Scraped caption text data
-------------------------
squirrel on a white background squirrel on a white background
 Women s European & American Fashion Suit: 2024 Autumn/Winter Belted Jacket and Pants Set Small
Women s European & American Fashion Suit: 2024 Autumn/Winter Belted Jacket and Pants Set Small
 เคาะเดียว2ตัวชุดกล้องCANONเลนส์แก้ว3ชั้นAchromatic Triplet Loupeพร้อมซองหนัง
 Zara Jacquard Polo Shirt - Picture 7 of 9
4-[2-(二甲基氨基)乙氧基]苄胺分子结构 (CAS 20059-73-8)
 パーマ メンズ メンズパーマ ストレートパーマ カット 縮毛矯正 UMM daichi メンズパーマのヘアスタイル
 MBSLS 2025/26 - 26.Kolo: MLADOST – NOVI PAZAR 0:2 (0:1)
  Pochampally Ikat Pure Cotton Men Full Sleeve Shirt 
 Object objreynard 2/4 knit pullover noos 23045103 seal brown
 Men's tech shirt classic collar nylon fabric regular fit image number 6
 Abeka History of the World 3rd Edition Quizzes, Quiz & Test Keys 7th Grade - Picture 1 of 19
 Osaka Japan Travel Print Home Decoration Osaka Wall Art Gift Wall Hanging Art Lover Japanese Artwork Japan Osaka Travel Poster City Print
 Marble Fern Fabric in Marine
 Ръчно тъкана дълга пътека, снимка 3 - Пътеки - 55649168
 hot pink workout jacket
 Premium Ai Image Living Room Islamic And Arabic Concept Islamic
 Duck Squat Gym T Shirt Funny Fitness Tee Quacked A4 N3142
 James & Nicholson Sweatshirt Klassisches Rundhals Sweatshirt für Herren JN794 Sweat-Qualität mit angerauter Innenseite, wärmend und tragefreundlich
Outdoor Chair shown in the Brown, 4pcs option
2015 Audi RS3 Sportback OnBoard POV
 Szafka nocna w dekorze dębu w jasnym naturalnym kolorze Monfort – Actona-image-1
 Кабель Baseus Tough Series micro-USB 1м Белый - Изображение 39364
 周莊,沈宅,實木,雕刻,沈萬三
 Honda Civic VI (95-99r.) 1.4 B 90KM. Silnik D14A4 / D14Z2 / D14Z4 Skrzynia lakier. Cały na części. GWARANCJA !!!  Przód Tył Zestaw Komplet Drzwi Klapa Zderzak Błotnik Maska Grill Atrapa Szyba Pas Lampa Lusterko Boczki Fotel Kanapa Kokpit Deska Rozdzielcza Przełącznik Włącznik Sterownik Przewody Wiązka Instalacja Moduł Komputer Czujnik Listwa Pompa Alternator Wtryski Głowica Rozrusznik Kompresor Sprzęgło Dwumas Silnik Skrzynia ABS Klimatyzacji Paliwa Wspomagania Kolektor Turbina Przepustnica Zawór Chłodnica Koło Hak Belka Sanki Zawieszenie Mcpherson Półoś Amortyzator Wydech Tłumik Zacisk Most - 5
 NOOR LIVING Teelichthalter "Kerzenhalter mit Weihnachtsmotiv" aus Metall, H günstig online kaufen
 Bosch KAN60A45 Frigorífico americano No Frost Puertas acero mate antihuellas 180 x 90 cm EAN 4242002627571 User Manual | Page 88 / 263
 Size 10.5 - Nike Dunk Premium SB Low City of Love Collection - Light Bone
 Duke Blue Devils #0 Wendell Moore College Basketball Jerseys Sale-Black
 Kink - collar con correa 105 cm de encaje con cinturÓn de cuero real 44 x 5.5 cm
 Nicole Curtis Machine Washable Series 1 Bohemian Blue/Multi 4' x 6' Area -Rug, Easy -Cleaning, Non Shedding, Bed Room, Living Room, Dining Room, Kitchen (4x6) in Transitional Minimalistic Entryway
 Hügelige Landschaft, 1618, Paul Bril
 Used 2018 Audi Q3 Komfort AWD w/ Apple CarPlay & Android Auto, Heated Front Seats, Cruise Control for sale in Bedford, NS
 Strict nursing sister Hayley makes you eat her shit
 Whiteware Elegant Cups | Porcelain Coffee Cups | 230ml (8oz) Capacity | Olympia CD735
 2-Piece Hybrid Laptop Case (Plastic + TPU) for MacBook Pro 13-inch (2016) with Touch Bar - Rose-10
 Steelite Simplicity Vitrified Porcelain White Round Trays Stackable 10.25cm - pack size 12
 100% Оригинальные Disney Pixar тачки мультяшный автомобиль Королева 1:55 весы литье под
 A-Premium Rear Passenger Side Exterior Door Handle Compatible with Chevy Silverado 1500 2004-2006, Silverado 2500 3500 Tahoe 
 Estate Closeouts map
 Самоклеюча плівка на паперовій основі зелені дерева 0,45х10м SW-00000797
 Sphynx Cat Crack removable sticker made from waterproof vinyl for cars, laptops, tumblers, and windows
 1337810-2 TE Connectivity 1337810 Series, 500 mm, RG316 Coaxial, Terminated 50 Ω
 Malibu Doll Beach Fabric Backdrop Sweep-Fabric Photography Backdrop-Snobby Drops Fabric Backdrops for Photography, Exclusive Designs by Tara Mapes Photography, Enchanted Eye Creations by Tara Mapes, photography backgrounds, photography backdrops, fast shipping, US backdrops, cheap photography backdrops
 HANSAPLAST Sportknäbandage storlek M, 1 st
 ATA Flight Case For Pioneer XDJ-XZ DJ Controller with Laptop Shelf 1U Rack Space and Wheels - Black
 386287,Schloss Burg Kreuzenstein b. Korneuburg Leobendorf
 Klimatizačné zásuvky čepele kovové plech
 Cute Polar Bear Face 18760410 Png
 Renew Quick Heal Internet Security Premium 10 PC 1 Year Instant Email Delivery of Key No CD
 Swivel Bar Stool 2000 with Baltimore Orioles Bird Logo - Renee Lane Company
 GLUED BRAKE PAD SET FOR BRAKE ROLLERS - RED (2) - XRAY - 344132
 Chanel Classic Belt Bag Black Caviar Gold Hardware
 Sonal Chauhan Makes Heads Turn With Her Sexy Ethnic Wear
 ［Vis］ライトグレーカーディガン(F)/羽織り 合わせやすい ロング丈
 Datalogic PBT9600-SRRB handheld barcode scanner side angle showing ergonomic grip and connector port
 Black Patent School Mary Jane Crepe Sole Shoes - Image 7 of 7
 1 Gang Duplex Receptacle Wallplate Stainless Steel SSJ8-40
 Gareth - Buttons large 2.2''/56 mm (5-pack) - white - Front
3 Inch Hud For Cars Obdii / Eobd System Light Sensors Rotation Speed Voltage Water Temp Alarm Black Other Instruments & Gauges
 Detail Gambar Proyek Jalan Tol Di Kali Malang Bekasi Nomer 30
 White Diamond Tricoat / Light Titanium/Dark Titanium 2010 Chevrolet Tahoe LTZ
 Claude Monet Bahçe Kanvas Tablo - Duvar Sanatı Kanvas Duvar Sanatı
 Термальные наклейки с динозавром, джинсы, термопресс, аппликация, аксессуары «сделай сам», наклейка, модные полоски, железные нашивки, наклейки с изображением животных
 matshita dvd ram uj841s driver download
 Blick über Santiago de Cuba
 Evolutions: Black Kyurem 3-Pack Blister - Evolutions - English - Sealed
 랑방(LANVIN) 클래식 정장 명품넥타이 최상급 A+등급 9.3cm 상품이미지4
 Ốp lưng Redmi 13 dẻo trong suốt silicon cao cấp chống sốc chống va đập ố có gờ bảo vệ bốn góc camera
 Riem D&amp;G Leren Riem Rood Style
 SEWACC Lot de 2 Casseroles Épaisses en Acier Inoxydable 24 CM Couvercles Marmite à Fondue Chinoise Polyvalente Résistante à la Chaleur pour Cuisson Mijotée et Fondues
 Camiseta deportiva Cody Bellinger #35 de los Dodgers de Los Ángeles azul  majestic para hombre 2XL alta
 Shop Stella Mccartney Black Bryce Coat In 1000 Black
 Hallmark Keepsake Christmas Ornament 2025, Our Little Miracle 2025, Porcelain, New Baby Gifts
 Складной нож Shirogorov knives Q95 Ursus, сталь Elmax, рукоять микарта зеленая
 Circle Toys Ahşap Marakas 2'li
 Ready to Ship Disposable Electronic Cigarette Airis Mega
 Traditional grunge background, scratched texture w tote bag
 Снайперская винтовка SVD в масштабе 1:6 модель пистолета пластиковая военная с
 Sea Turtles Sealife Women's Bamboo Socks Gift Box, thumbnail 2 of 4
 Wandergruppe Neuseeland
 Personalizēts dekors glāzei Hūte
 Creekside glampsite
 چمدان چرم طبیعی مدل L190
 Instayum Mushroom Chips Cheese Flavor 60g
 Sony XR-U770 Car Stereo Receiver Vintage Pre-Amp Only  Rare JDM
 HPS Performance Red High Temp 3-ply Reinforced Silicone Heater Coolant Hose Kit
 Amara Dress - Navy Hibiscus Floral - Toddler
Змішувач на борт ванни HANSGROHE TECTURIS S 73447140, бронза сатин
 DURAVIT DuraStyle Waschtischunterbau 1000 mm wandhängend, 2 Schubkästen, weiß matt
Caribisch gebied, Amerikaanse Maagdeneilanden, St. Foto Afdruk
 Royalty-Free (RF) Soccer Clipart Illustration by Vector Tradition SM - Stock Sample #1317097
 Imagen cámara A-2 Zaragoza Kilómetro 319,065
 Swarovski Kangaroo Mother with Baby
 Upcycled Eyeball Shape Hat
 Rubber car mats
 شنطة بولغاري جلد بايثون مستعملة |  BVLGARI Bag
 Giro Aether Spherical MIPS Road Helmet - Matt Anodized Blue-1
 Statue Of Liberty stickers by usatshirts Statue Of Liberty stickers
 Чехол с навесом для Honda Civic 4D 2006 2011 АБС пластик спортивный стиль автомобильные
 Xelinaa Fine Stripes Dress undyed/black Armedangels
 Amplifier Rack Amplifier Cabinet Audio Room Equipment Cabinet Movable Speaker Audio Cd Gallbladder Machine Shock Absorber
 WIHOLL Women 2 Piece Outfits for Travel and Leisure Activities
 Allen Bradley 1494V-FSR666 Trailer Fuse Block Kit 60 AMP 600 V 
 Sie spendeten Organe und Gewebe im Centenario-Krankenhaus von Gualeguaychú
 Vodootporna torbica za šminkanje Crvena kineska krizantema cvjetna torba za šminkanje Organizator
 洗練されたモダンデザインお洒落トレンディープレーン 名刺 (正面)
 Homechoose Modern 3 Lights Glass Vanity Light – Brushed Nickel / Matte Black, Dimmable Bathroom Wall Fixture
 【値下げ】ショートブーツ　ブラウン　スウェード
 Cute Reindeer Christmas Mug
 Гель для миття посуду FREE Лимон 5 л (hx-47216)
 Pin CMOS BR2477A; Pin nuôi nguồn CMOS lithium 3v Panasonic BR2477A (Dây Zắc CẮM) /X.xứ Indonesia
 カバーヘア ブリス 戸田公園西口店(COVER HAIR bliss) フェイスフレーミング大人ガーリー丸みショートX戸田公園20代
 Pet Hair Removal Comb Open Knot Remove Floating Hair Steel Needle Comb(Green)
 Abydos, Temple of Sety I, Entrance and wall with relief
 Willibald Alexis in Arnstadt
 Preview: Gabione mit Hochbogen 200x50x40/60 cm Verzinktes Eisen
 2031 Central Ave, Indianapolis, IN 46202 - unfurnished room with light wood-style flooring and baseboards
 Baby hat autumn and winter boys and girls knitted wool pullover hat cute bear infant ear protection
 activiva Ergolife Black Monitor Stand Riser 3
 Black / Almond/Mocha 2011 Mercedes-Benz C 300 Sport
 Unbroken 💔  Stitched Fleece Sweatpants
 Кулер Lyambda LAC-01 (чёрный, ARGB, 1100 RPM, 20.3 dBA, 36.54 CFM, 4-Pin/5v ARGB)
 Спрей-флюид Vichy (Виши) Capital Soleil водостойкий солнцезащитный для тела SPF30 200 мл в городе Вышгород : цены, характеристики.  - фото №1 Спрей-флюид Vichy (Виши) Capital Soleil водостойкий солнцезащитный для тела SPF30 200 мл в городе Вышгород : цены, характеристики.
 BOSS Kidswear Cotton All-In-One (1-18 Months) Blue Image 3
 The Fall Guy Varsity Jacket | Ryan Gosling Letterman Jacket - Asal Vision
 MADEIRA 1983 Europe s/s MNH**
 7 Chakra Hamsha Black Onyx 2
-------------------------
• [Exercise brief]
Beginning with the line that has "Used 2018 Audi" and ending with the line that has "Datalogic PBT9600-SRRB handheld", set down the lines above exactly and include no others.

• [Response area]
 Used 2018 Audi Q3 Komfort AWD w/ Apple CarPlay & Android Auto, Heated Front Seats, Cruise Control for sale in Bedford, NS
 Strict nursing sister Hayley makes you eat her shit
 Whiteware Elegant Cups | Porcelain Coffee Cups | 230ml (8oz) Capacity | Olympia CD735
 2-Piece Hybrid Laptop Case (Plastic + TPU) for MacBook Pro 13-inch (2016) with Touch Bar - Rose-10
 Steelite Simplicity Vitrified Porcelain White Round Trays Stackable 10.25cm - pack size 12
 100% Оригинальные Disney Pixar тачки мультяшный автомобиль Королева 1:55 весы литье под
 A-Premium Rear Passenger Side Exterior Door Handle Compatible with Chevy Silverado 1500 2004-2006, Silverado 2500 3500 Tahoe 
 Estate Closeouts map
 Самоклеюча плівка на паперовій основі зелені дерева 0,45х10м SW-00000797
 Sphynx Cat Crack removable sticker made from waterproof vinyl for cars, laptops, tumblers, and windows
 1337810-2 TE Connectivity 1337810 Series, 500 mm, RG316 Coaxial, Terminated 50 Ω
 Malibu Doll Beach Fabric Backdrop Sweep-Fabric Photography Backdrop-Snobby Drops Fabric Backdrops for Photography, Exclusive Designs by Tara Mapes Photography, Enchanted Eye Creations by Tara Mapes, photography backgrounds, photography backdrops, fast shipping, US backdrops, cheap photography backdrops
 HANSAPLAST Sportknäbandage storlek M, 1 st
 ATA Flight Case For Pioneer XDJ-XZ DJ Controller with Laptop Shelf 1U Rack Space and Wheels - Black
 386287,Schloss Burg Kreuzenstein b. Korneuburg Leobendorf
 Klimatizačné zásuvky čepele kovové plech
 Cute Polar Bear Face 18760410 Png
 Renew Quick Heal Internet Security Premium 10 PC 1 Year Instant Email Delivery of Key No CD
 Swivel Bar Stool 2000 with Baltimore Orioles Bird Logo - Renee Lane Company
 GLUED BRAKE PAD SET FOR BRAKE ROLLERS - RED (2) - XRAY - 344132
 Chanel Classic Belt Bag Black Caviar Gold Hardware
 Sonal Chauhan Makes Heads Turn With Her Sexy Ethnic Wear
 ［Vis］ライトグレーカーディガン(F)/羽織り 合わせやすい ロング丈
 Datalogic PBT9600-SRRB handheld barcode scanner side angle showing ergonomic grip and connector port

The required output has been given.